Later on, Kalisa was accused of having been caught with copies of the city’s electricity plan; contention being that he planned the shootings to disrupt power supply so that the RPF/A rebels would attack when he had put the city in darkness.

By then, he had turned defiantly daring.

"I told them that I know the city’s electricity network off head and I don’t need any plan whatsoever but if, instead, any of you would want to disrupt the city’s power supply they would need it to know where to go, but for me I don’t need it”.

Kalisa was among the first to exit prison – after three abnormally extended months of misery – thanks to the pressure put on the Genocidal regime by the advancing RPF/A rebels and the N’sele ceasefire agreement between the government and the former which established a cessation of hostilities and provided, among others, for the release of prisoners of war.

When he got out, like all his other former inmates who survived the prison, he had been fired from his job. The homes of all freed prisoners were marked, he recalls. Later, not more than 30, would survive the mass killings that targeted the Tutsi.

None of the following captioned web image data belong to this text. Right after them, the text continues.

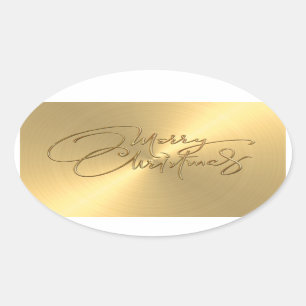 Merry Christmas Gold Sticker Embossed Look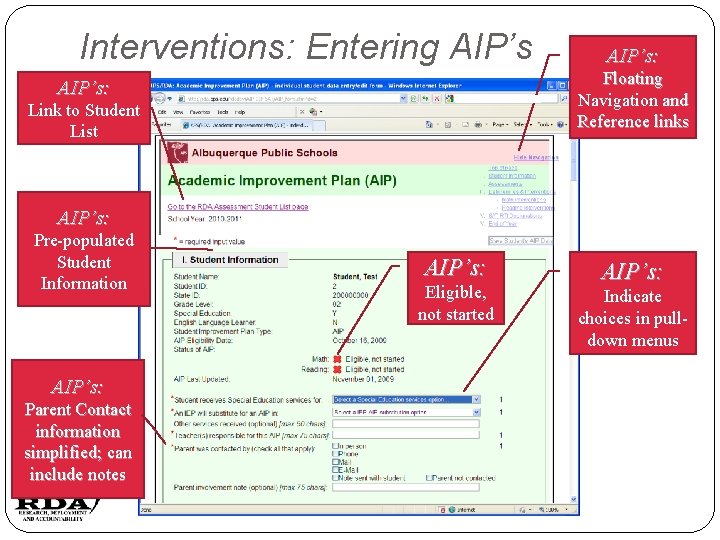 Interventions: Entering AIP’s: Floating Navigation and Reference links AIP’s: Link to Student List AIP’s: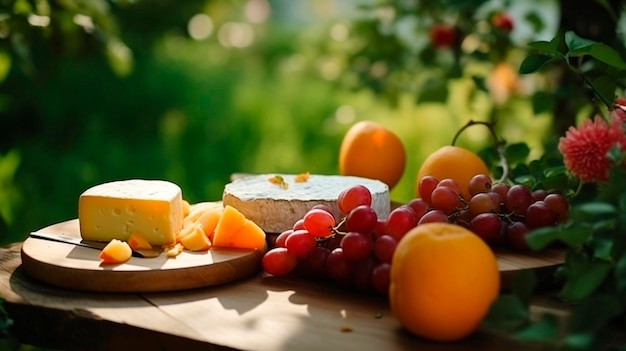 Cheese and fruits on a wooden cutting board Generative AI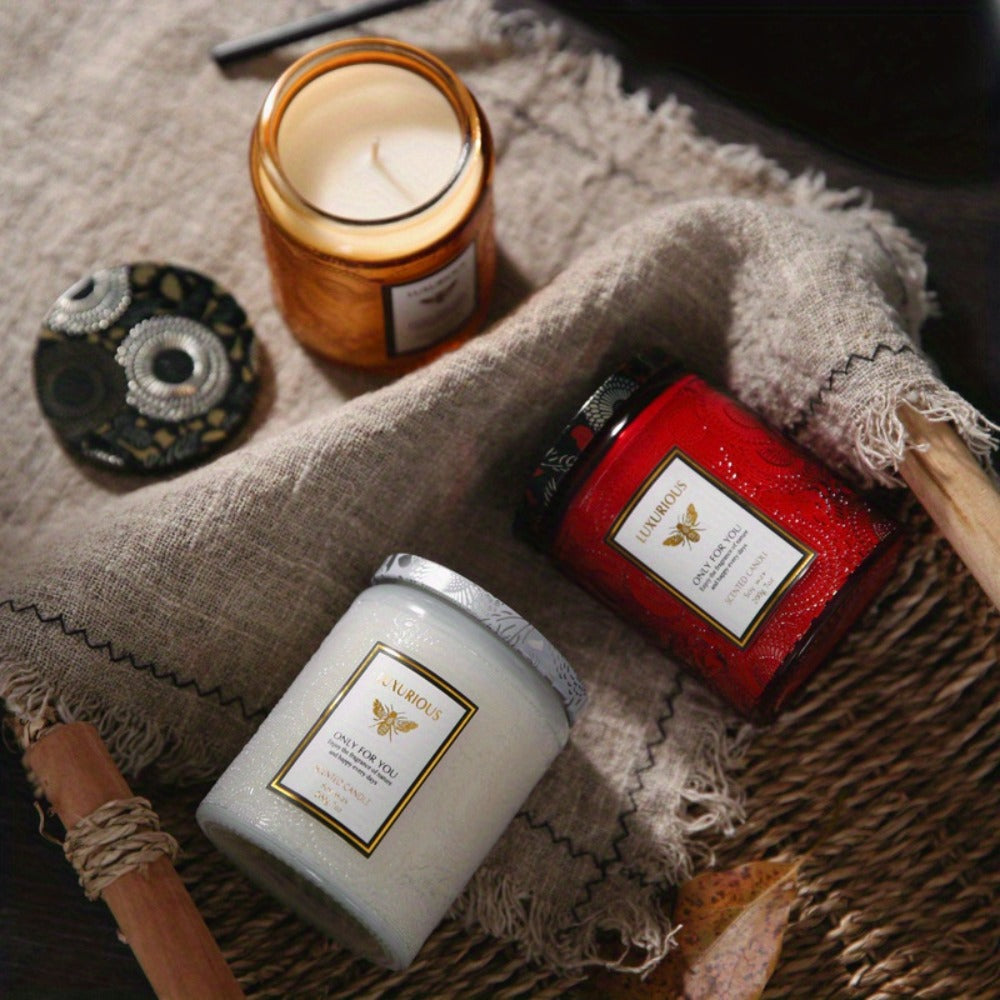 Scented Candle in Relief Glass Cup ¨C Aromatherapy Home Fragrance with Crystal Embellishment, Single Wick, Multiple Scents ¨C Jasmine, Tuberose, Amber, Sage & More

Then, Kalisa – like most other Tutsi inmates – who were now hardened by a cruel experience, actively joined opposition politics and was not only a member of the Liberal Party (PL) but also became a human rights activist.

"Those who survived only have the RPF/A to thank, not only for liberating us from prison, and most importantly, for stopping the Genocide.”

Kalisa’s one wish, and message, to the country’s youth, today, is: "They should keep in mind RPF’s great patriotism because that is what this nation requires of them.”